**TASK DETAILS**
For this exercise, transcribe all of the records exactly as given.

**DATA EXTRACT**
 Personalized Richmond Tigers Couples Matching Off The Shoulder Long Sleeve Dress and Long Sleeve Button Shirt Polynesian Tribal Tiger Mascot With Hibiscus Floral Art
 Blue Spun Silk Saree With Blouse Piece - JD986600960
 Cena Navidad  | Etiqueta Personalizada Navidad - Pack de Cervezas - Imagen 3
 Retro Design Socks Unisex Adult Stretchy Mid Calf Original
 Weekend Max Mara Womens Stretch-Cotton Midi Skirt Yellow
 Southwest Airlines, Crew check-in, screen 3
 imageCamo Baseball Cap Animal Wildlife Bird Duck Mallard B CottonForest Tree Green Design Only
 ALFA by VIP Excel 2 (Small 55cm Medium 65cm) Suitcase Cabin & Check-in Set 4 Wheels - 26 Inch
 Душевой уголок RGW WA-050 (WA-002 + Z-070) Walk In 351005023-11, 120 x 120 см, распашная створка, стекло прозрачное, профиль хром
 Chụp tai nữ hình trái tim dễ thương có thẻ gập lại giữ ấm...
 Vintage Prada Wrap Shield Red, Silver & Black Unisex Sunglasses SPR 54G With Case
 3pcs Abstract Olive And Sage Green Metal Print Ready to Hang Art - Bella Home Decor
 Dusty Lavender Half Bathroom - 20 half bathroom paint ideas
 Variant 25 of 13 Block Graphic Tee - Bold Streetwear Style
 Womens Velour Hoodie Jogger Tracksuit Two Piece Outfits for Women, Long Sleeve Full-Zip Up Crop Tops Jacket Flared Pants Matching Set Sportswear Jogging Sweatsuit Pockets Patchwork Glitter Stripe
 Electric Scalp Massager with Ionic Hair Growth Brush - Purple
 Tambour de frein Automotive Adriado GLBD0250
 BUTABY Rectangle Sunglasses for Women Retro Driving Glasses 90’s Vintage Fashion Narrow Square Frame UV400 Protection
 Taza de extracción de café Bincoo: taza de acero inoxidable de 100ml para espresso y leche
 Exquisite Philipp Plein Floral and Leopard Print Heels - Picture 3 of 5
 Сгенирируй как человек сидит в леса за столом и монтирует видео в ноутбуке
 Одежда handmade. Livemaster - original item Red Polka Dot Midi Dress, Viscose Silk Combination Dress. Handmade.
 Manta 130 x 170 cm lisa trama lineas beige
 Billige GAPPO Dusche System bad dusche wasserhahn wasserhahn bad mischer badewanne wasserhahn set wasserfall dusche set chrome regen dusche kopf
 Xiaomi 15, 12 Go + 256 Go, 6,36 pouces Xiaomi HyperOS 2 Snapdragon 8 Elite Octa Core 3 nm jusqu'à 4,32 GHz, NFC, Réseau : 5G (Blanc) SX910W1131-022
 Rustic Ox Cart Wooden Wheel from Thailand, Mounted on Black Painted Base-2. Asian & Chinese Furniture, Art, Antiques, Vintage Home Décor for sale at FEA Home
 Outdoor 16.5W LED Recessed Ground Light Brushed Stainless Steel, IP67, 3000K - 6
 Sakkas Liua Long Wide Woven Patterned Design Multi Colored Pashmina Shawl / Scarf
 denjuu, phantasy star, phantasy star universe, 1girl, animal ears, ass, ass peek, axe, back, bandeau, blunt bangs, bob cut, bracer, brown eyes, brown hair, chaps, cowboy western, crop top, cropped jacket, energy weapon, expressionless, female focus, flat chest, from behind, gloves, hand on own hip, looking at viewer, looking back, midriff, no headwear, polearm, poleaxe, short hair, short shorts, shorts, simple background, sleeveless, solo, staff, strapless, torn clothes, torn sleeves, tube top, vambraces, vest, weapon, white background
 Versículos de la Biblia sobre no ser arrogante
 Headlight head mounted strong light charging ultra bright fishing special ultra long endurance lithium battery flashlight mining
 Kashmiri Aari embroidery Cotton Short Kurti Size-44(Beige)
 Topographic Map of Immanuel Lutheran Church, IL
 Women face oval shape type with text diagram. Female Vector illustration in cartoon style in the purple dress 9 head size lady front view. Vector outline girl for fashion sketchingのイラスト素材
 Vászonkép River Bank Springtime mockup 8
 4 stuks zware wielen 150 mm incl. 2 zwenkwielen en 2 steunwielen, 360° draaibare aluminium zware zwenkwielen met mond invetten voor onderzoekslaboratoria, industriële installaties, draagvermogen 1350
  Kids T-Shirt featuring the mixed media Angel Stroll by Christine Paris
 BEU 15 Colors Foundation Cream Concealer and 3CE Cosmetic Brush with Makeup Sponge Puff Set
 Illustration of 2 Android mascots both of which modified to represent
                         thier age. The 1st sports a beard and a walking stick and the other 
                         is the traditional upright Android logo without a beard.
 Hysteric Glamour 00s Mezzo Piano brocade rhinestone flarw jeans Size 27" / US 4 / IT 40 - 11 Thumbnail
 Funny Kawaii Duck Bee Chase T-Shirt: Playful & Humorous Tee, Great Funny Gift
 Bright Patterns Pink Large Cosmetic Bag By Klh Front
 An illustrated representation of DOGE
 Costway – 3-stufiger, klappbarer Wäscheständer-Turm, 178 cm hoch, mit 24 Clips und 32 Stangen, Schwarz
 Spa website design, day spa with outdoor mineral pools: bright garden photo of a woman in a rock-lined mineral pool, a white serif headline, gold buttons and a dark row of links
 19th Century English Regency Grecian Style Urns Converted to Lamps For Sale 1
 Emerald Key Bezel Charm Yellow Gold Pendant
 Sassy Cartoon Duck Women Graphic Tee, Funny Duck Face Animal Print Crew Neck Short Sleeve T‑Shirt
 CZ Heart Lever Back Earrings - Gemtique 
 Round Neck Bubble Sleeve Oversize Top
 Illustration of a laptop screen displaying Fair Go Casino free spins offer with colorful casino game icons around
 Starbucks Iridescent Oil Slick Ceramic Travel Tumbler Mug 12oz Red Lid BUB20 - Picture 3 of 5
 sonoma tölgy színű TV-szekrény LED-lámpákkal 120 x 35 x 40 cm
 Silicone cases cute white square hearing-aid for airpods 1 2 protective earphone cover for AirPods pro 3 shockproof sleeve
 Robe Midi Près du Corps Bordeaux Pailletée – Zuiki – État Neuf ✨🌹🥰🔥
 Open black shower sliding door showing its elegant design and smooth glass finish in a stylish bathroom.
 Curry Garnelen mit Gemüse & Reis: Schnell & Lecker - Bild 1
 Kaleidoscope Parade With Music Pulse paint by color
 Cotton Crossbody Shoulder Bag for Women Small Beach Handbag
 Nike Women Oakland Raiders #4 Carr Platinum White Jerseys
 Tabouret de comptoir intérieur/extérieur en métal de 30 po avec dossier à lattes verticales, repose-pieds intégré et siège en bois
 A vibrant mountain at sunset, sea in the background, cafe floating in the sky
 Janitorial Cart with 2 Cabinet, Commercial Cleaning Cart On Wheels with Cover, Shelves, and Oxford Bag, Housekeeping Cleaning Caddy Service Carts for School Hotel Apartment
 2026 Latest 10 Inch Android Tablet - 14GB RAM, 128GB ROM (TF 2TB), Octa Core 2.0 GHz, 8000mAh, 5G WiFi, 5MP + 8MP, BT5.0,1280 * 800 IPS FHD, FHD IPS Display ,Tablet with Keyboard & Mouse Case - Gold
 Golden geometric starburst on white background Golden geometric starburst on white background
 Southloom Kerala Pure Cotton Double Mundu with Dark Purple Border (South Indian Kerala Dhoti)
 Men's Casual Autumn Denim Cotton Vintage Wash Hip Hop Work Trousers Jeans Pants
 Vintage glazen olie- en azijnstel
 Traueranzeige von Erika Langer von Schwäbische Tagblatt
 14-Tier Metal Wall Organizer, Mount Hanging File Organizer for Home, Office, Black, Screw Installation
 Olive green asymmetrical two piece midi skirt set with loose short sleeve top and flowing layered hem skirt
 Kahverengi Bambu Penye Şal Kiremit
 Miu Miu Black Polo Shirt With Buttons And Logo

**PROBLEM SOLUTION**
 Personalized Richmond Tigers Couples Matching Off The Shoulder Long Sleeve Dress and Long Sleeve Button Shirt Polynesian Tribal Tiger Mascot With Hibiscus Floral Art
 Blue Spun Silk Saree With Blouse Piece - JD986600960
 Cena Navidad  | Etiqueta Personalizada Navidad - Pack de Cervezas - Imagen 3
 Retro Design Socks Unisex Adult Stretchy Mid Calf Original
 Weekend Max Mara Womens Stretch-Cotton Midi Skirt Yellow
 Southwest Airlines, Crew check-in, screen 3
 imageCamo Baseball Cap Animal Wildlife Bird Duck Mallard B CottonForest Tree Green Design Only
 ALFA by VIP Excel 2 (Small 55cm Medium 65cm) Suitcase Cabin & Check-in Set 4 Wheels - 26 Inch
 Душевой уголок RGW WA-050 (WA-002 + Z-070) Walk In 351005023-11, 120 x 120 см, распашная створка, стекло прозрачное, профиль хром
 Chụp tai nữ hình trái tim dễ thương có thẻ gập lại giữ ấm...
 Vintage Prada Wrap Shield Red, Silver & Black Unisex Sunglasses SPR 54G With Case
 3pcs Abstract Olive And Sage Green Metal Print Ready to Hang Art - Bella Home Decor
 Dusty Lavender Half Bathroom - 20 half bathroom paint ideas
 Variant 25 of 13 Block Graphic Tee - Bold Streetwear Style
 Womens Velour Hoodie Jogger Tracksuit Two Piece Outfits for Women, Long Sleeve Full-Zip Up Crop Tops Jacket Flared Pants Matching Set Sportswear Jogging Sweatsuit Pockets Patchwork Glitter Stripe
 Electric Scalp Massager with Ionic Hair Growth Brush - Purple
 Tambour de frein Automotive Adriado GLBD0250
 BUTABY Rectangle Sunglasses for Women Retro Driving Glasses 90’s Vintage Fashion Narrow Square Frame UV400 Protection
 Taza de extracción de café Bincoo: taza de acero inoxidable de 100ml para espresso y leche
 Exquisite Philipp Plein Floral and Leopard Print Heels - Picture 3 of 5
 Сгенирируй как человек сидит в леса за столом и монтирует видео в ноутбуке
 Одежда handmade. Livemaster - original item Red Polka Dot Midi Dress, Viscose Silk Combination Dress. Handmade.
 Manta 130 x 170 cm lisa trama lineas beige
 Billige GAPPO Dusche System bad dusche wasserhahn wasserhahn bad mischer badewanne wasserhahn set wasserfall dusche set chrome regen dusche kopf
 Xiaomi 15, 12 Go + 256 Go, 6,36 pouces Xiaomi HyperOS 2 Snapdragon 8 Elite Octa Core 3 nm jusqu'à 4,32 GHz, NFC, Réseau : 5G (Blanc) SX910W1131-022
 Rustic Ox Cart Wooden Wheel from Thailand, Mounted on Black Painted Base-2. Asian & Chinese Furniture, Art, Antiques, Vintage Home Décor for sale at FEA Home
 Outdoor 16.5W LED Recessed Ground Light Brushed Stainless Steel, IP67, 3000K - 6
 Sakkas Liua Long Wide Woven Patterned Design Multi Colored Pashmina Shawl / Scarf
 denjuu, phantasy star, phantasy star universe, 1girl, animal ears, ass, ass peek, axe, back, bandeau, blunt bangs, bob cut, bracer, brown eyes, brown hair, chaps, cowboy western, crop top, cropped jacket, energy weapon, expressionless, female focus, flat chest, from behind, gloves, hand on own hip, looking at viewer, looking back, midriff, no headwear, polearm, poleaxe, short hair, short shorts, shorts, simple background, sleeveless, solo, staff, strapless, torn clothes, torn sleeves, tube top, vambraces, vest, weapon, white background
 Versículos de la Biblia sobre no ser arrogante
 Headlight head mounted strong light charging ultra bright fishing special ultra long endurance lithium battery flashlight mining
 Kashmiri Aari embroidery Cotton Short Kurti Size-44(Beige)
 Topographic Map of Immanuel Lutheran Church, IL
 Women face oval shape type with text diagram. Female Vector illustration in cartoon style in the purple dress 9 head size lady front view. Vector outline girl for fashion sketchingのイラスト素材
 Vászonkép River Bank Springtime mockup 8
 4 stuks zware wielen 150 mm incl. 2 zwenkwielen en 2 steunwielen, 360° draaibare aluminium zware zwenkwielen met mond invetten voor onderzoekslaboratoria, industriële installaties, draagvermogen 1350
  Kids T-Shirt featuring the mixed media Angel Stroll by Christine Paris
 BEU 15 Colors Foundation Cream Concealer and 3CE Cosmetic Brush with Makeup Sponge Puff Set
 Illustration of 2 Android mascots both of which modified to represent
                         thier age. The 1st sports a beard and a walking stick and the other 
                         is the traditional upright Android logo without a beard.
 Hysteric Glamour 00s Mezzo Piano brocade rhinestone flarw jeans Size 27" / US 4 / IT 40 - 11 Thumbnail
 Funny Kawaii Duck Bee Chase T-Shirt: Playful & Humorous Tee, Great Funny Gift
 Bright Patterns Pink Large Cosmetic Bag By Klh Front
 An illustrated representation of DOGE
 Costway – 3-stufiger, klappbarer Wäscheständer-Turm, 178 cm hoch, mit 24 Clips und 32 Stangen, Schwarz
 Spa website design, day spa with outdoor mineral pools: bright garden photo of a woman in a rock-lined mineral pool, a white serif headline, gold buttons and a dark row of links
 19th Century English Regency Grecian Style Urns Converted to Lamps For Sale 1
 Emerald Key Bezel Charm Yellow Gold Pendant
 Sassy Cartoon Duck Women Graphic Tee, Funny Duck Face Animal Print Crew Neck Short Sleeve T‑Shirt
 CZ Heart Lever Back Earrings - Gemtique 
 Round Neck Bubble Sleeve Oversize Top
 Illustration of a laptop screen displaying Fair Go Casino free spins offer with colorful casino game icons around
 Starbucks Iridescent Oil Slick Ceramic Travel Tumbler Mug 12oz Red Lid BUB20 - Picture 3 of 5
 sonoma tölgy színű TV-szekrény LED-lámpákkal 120 x 35 x 40 cm
 Silicone cases cute white square hearing-aid for airpods 1 2 protective earphone cover for AirPods pro 3 shockproof sleeve
 Robe Midi Près du Corps Bordeaux Pailletée – Zuiki – État Neuf ✨🌹🥰🔥
 Open black shower sliding door showing its elegant design and smooth glass finish in a stylish bathroom.
 Curry Garnelen mit Gemüse & Reis: Schnell & Lecker - Bild 1
 Kaleidoscope Parade With Music Pulse paint by color
 Cotton Crossbody Shoulder Bag for Women Small Beach Handbag
 Nike Women Oakland Raiders #4 Carr Platinum White Jerseys
 Tabouret de comptoir intérieur/extérieur en métal de 30 po avec dossier à lattes verticales, repose-pieds intégré et siège en bois
 A vibrant mountain at sunset, sea in the background, cafe floating in the sky
 Janitorial Cart with 2 Cabinet, Commercial Cleaning Cart On Wheels with Cover, Shelves, and Oxford Bag, Housekeeping Cleaning Caddy Service Carts for School Hotel Apartment
 2026 Latest 10 Inch Android Tablet - 14GB RAM, 128GB ROM (TF 2TB), Octa Core 2.0 GHz, 8000mAh, 5G WiFi, 5MP + 8MP, BT5.0,1280 * 800 IPS FHD, FHD IPS Display ,Tablet with Keyboard & Mouse Case - Gold
 Golden geometric starburst on white background Golden geometric starburst on white background
 Southloom Kerala Pure Cotton Double Mundu with Dark Purple Border (South Indian Kerala Dhoti)
 Men's Casual Autumn Denim Cotton Vintage Wash Hip Hop Work Trousers Jeans Pants
 Vintage glazen olie- en azijnstel
 Traueranzeige von Erika Langer von Schwäbische Tagblatt
 14-Tier Metal Wall Organizer, Mount Hanging File Organizer for Home, Office, Black, Screw Installation
 Olive green asymmetrical two piece midi skirt set with loose short sleeve top and flowing layered hem skirt
 Kahverengi Bambu Penye Şal Kiremit
 Miu Miu Black Polo Shirt With Buttons And Logo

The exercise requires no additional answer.